I have a Winchester 1892 in 25-20 that has a pitted barrel, question is does anybody know of a reputable gunsmith capable of drilling out and relining the barrel. Preferably somewhere in the metro Atlanta area.

Thanks,
Wesley


----------



## rebelqwes87 (Nov 17, 2010)

Come on, somebody has to know of one somewhere.


----------



## stevetarget (Nov 17, 2010)

I have seen one rifle they did and it was a good job. Its been awhile back though.
http://www.redmansrifling.com/relining.htm

Relining Prices - Centerfires
Reline & Chamber to 25-20 or 32-20 in Win. 1873, 1892, Marlins, etc............. starting at $250.00
25-20 1-14"T(.257" groove), 32-20 1-20"T or 1-18"T(.311" groove) 32-20 relines: no bbls. under .600" O.D. at muzzle. Bbls. over 24" length, add $15.00
 you will have to ship it, Don't know of anyone in your area.


----------



## rebelqwes87 (Nov 17, 2010)

Yeah i've  read alot about Redmans and hear that they do good work. I was just hoping for somewhere a little closer than Washington state, but thanks.


----------



## dawg2 (Nov 17, 2010)

Does relining affect the collectors value?


----------



## CAL (Nov 17, 2010)

dawg2 said:


> Does relining affect the collectors value?

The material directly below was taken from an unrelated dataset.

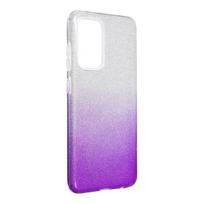 Forcell Shining, skirtas Samsung Galaxy A52 5G / A52 / A52s 5G, žibuoklės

I would think anything one does to a collector will reduce the value unless the manufacturer does it.Even then you will need a letter of authorization to keep it from affecting the value.


----------



## rebelqwes87 (Nov 17, 2010)

Well the only value it has to me is that it was my Grandpa's rifle since I'm never gonna get rid of it. I figure since I have it I might as well be able to shoot it.


----------



## Twenty five ought six (Nov 18, 2010)

rebelqwes87 said:


> Well the only value it has to me is that it was my Grandpa's rifle since I'm never gonna get rid of it. I figure since I have it I might as well be able to shoot it.




Have you shot it?

Being a lever action and all, and being a .25-20 (low pressure round) I'd be surprised if the pitting is anything more than cosmetic.

You might look at the thread on getting  a Ruger to shoot, and the methods and benefits of a thorough cleaning.


----------



## rebelqwes87 (Nov 18, 2010)

Couldn't find that thread, but this thing has had more than a thorough cleaning. In fact that is what revealed the pitting. No I haven't fired it yet, I want to but even if it shoots accurately I know it will be a cleaning nightmare with all the pitting in the bore. which for as little as I will be shooting it probably wouldn't be that big of a deal. I was just hoping maybe there was somebody around town who could do it, I'm just not too fond of the idea of shipping something off.


----------



## Patchpusher (Nov 18, 2010)

Call Colley Jackson and see if he has the tooling  to due 25-20. I do liners but, I am not thrilled at buying $200 worth of tooling plus the liner to do one rifle. Colley's # 770-464-4237


----------



## rebelqwes87 (Nov 18, 2010)

Thanks Patchpusher


----------



## Patchpusher (Nov 18, 2010)

Yep!


----------